The causes of redistribution
In the past 37 years, the underlying conditions have changed fundamentally and therefore – in a somewhat creeping manner – ever greater redistribution is also taking place, including within the savings share of occupational retirement provision. This means that the income from my saved capital, which actually belongs to me, is partly redistributed to others. And my capital for old age is not growing as originally intended but remains smaller than it should be. What are the causes of this redistribution?
- The population in Switzerland is aging, while at the same time significantly fewer children are being born. As a result, the ratio between those in employment and those claiming a pension is changing. According to the Federal Statistical Office, in 1991 there were 28 pensioners for every 100 people in work, but this number had already reached 35 pensioners by 2019. The Federal Office forecasts that there could be as many as 50 pensioners per 100 people in work by 2040.
- In 1985, the year in which mandatory occupational retirement provision was introduced, a 65-year-old man still had an average life expectancy of 15 more years; today it has increased to 20 years. The money saved must therefore cover a longer period of time.
- In addition, the founders of occupational retirement provision assumed that the pension assets could earn interest at an average of 5 percent over the long term. But this has not been the case for many years: Interest rates are currently so low that pension capital is growing significantly slower than originally planned.

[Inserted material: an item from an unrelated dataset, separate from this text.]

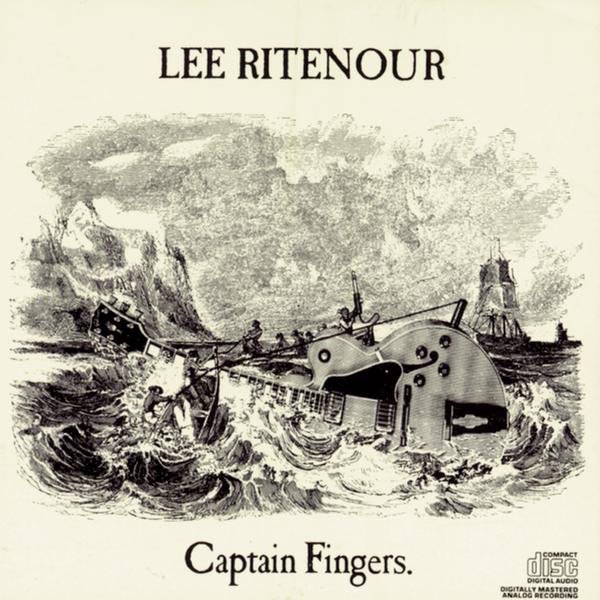 Captain Fingers album cover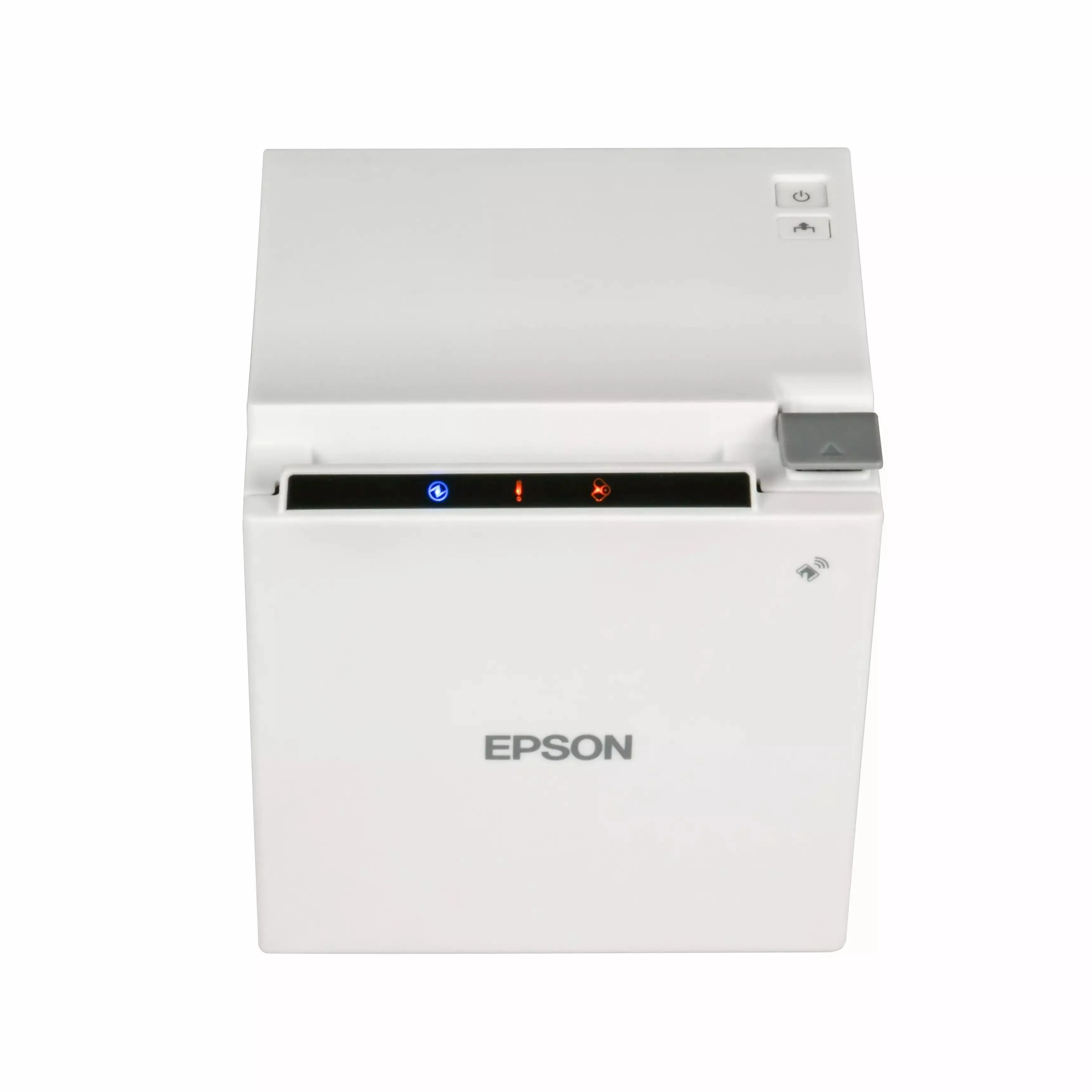 Принтер спеціалізований Thermal Epson TM-m30II Ethernet/USB I/F Incl. PS (White) - 2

- Both factors, the higher life expectancy and the lower interest rate, mean that the statutory conversion rate of 6.8 percent for the mandatory part is notably too high. This means that the saved capital is no longer sufficient for the longer pension period.
This all creates a funding gap for the pension funds. In order to be able to pay out the promised pensions, the pension funds have to shift, or redistribute, some of the investment income from those in work to pensioners. In addition, the pension funds are forced to reduce the conversion rate on non-mandatory retirement assets. As a result, companies with high wage levels and generous pension fund benefits co-finance other companies that have low wage levels and offer only minimum benefits to their insured.
The problem with redistribution is that the money does not stay where it belongs
Because we are all living longer, pensioners’ retirement savings capital must last longer and longer. In addition, the number of pensioners compared to those in gainful employment is also increasing. The current conversion rates are too high because they assume a shorter life expectancy and higher investment income. This creates a funding gap. In order to plug this gap, today's working population will have to forgo part of the returns on their retirement savings capital for the benefit of pensioners – this leads to unintentional redistribution.
In order to ensure that today's working people, and above all our children, can also rely on the second pillar, it must be modernized in a sustainable manner.